TASK TO CARRY OUT:
In the records below, find the line holding "Waterproof Extra-Long Dog Training Leash" and the line holding "Gus - Male Norwegian Elkhound Puppy.". Set down both, with every line between them, exactly.

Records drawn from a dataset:
::::::::
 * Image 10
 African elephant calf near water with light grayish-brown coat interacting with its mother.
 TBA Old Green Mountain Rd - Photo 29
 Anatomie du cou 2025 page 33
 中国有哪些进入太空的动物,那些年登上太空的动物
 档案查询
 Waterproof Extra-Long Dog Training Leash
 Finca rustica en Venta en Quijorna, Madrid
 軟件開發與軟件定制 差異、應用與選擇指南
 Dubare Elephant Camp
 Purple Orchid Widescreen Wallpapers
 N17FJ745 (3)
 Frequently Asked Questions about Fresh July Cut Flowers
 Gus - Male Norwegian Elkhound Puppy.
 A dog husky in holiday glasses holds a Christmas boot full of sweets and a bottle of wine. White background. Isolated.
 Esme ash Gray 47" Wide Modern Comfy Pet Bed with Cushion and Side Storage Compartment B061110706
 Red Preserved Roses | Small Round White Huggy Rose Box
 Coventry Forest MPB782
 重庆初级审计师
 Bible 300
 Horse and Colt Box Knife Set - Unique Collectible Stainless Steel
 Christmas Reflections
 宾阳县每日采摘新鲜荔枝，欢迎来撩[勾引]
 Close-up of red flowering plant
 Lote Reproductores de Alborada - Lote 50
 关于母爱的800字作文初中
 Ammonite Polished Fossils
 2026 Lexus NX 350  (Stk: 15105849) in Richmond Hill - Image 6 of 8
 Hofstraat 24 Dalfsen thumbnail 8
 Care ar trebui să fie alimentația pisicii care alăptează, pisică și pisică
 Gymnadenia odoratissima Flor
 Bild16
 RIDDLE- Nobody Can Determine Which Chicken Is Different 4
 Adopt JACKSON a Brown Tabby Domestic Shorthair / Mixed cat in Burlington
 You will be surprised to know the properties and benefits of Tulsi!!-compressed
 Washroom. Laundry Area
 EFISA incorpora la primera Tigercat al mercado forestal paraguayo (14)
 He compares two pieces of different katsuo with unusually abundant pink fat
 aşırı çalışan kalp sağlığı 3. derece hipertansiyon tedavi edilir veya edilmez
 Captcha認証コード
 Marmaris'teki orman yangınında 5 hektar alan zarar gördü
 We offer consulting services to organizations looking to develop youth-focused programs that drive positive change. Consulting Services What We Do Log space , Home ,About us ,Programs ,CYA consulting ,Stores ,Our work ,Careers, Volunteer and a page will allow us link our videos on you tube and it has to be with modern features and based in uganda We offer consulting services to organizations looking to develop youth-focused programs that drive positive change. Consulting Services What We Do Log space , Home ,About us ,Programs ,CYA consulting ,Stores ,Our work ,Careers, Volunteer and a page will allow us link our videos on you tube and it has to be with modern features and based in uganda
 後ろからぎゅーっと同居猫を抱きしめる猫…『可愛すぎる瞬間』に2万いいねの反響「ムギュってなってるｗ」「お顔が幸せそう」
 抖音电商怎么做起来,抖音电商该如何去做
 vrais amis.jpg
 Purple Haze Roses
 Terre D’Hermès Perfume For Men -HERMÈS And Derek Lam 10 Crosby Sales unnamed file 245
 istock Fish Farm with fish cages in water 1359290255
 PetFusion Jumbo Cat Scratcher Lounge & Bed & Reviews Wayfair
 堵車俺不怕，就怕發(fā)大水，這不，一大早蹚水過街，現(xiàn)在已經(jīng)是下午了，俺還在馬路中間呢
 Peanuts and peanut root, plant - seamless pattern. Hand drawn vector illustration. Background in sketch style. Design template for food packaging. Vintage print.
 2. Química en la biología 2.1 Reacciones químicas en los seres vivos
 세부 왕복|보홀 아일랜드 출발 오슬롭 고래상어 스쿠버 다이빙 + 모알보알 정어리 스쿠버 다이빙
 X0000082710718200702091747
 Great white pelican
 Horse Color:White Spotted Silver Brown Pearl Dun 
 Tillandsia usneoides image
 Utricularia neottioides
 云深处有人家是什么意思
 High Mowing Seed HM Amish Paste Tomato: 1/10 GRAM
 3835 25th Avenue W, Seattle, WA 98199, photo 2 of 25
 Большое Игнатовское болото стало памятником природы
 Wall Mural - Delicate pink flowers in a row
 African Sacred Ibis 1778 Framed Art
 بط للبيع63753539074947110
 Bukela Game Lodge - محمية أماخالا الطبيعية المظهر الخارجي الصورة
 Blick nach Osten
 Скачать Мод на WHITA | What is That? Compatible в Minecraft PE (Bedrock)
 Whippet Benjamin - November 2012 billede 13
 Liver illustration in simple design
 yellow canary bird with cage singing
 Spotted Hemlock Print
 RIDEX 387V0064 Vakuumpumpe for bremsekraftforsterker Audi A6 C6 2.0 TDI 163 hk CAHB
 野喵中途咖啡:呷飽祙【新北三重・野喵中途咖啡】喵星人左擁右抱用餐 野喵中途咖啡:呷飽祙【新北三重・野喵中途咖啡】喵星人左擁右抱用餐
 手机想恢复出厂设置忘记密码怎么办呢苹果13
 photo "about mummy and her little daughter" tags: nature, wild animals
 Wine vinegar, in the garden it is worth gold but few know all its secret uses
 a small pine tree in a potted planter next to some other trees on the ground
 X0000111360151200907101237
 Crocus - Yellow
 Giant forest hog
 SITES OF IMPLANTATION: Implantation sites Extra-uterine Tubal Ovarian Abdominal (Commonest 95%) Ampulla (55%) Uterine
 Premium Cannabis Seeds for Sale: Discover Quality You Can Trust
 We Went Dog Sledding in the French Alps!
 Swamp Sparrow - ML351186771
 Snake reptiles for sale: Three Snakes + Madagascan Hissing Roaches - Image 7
::::::::
RESULT OF THIS EXERCISE:
 Waterproof Extra-Long Dog Training Leash
 Finca rustica en Venta en Quijorna, Madrid
 軟件開發與軟件定制 差異、應用與選擇指南
 Dubare Elephant Camp
 Purple Orchid Widescreen Wallpapers
 N17FJ745 (3)
 Frequently Asked Questions about Fresh July Cut Flowers
 Gus - Male Norwegian Elkhound Puppy.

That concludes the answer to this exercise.